I have rewritten this a few times because, honestly, how the hell does one write about this? How does one write about this without unbridled (or unintelligible) emotion seeping through between each sentence or word or letter? How does one write this without appropriating victimhood or some false sense of elitist enlightenment? What the fuck do I say here? And why? For what purpose?

On Saturday August 3, after making the 635-mile drive from Dallas, a 21 year-old white man walked into a busy El Paso Walmart carrying an assault rifle and opened fire. He was targeting ethnic Mexicans specifically, and he ended up murdering 22 people and wounding several others. Fuck his name. Fuck his manifesto. Fuck the violent white supremacy he rode into my city on.

I’m not going to lie and say, “It could have been me who was shot or killed.” I haven’t been to that specific Walmart in ten years. I haven’t driven to that part of town at all so far this year. Hell, I was out of town watching the horrifying news unfold from the comfort of an Air BnB in Austin, and my immediate family was vacationing in San Antonio. Other than a couple friends of mine who were at the mall adjacent to the store, I don’t know anyone who was there or anyone who was directly affected by this attack.

And yet it’s still personal. Some asshole still drove 9-10 hours just so he could kill innocent people in the city that I love and live in. And I still have no idea how to express my thoughts or emotions in a coherent or meaningful way.

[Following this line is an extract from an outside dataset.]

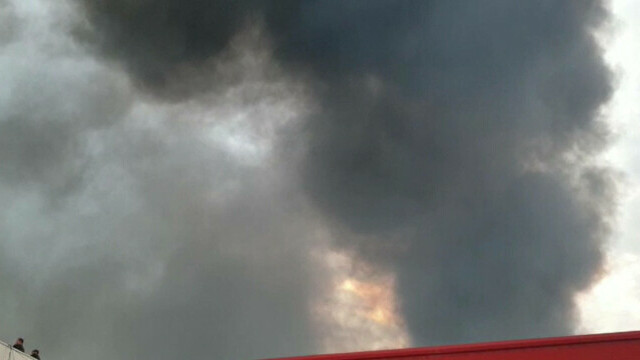 Incendiu puternic la Pitești. Intervin 18 autospeciale de pompieri - Imaginea 6
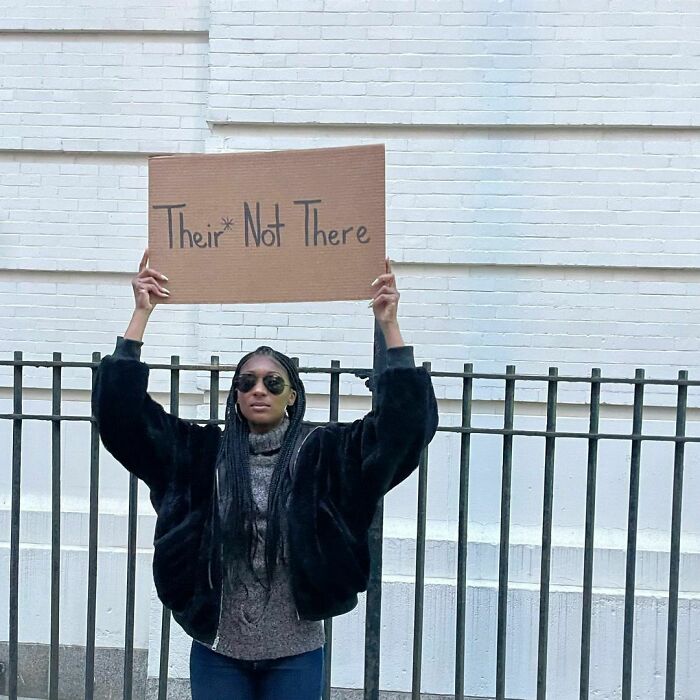 Funny-Dudette-With-Sign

It’s even more awkward considering the fact that, up until now, every other mass shooting that has happened in the United States (and the one that took place less than 24 hours later in Dayton, Ohio) has been somewhere else, and when it happened in my city, while I was out of town, it still happened somewhere else. It’s still personal, but at the same time it’s not.

I haven’t processed the attack and its aftermath fully. My city is still not “back to normal.” But I’m not going to spin the next few minutes of your attention about gun control or politicians or civic duties. I do want to talk about my Satanism for a moment, though.

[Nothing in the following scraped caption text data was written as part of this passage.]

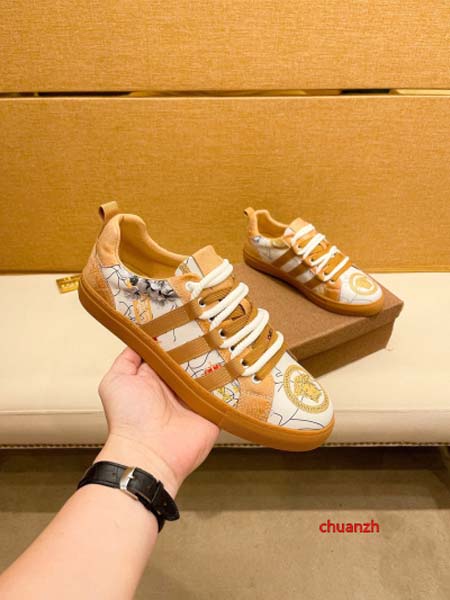 2024年7月2日新品入荷ヴェルサーチスニーカー chuanzh工場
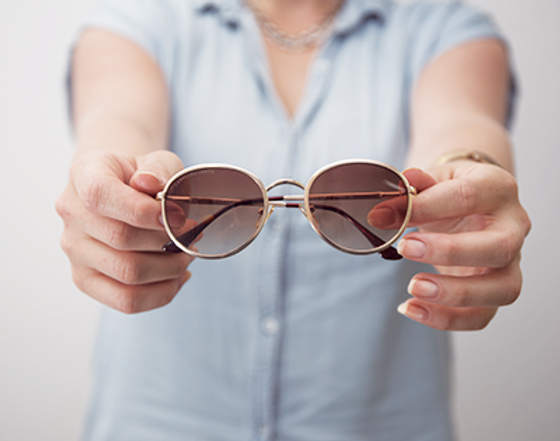 Round-frame sunglasses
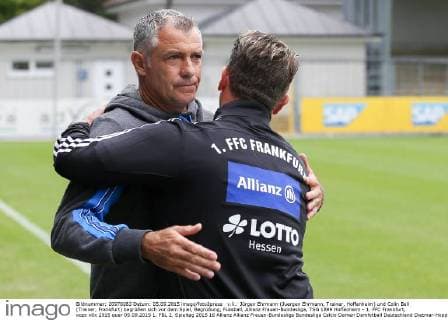 v.li.: Jürgen Ehrmann (Juergen Ehrmann, Trainer, Hoffenheim) und Colin Bell (Trainer, Frankfurt) begrüßen sich vor dem Spiel, Begrüßung, Fussball, Allianz Frauen-Bundesliga, TSG 1899 Hoffenheim - 1. FFC Frankfurt, xozx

The symbol of Satan and all that it represents through various aspects is an important one to embrace in our new era—an era of civic violence, mass shootings, and the resurgence of public, unabashed, and deadly white supremacy. This hateful ideology has deep historical roots in this country—ones that aren’t washed away by federal, state, or local legislation. These roots aren’t buried by the blind ignorance of millions of white people who actually believe that racism is dead or, for those who do recognize its continued existence, that their participation in actively resisting racism and white supremacy isn’t necessary. I’m not talking about sharing the daily meme or news media article on your social media account. I mean active resistance: telling your boss that what he just said was racist; telling your family member that they’re an idiot for believing what they do or for who they voted for; telling the random stranger you come across who is spouting racial slurs to shut their fucking mouth.

Draw the fucking line.

I side with Satan the rebel, the one who perseveres, the philosopher, the realist, and the valuer of community, especially in opposition to tyranny. White supremacy and its proponents and cronies are wreaking havoc in the United States. It is important for Satanists to stand up against it, to call it out when it rears its ugly face. The literary Satan did not back down from the literary god/creator. Nor can we.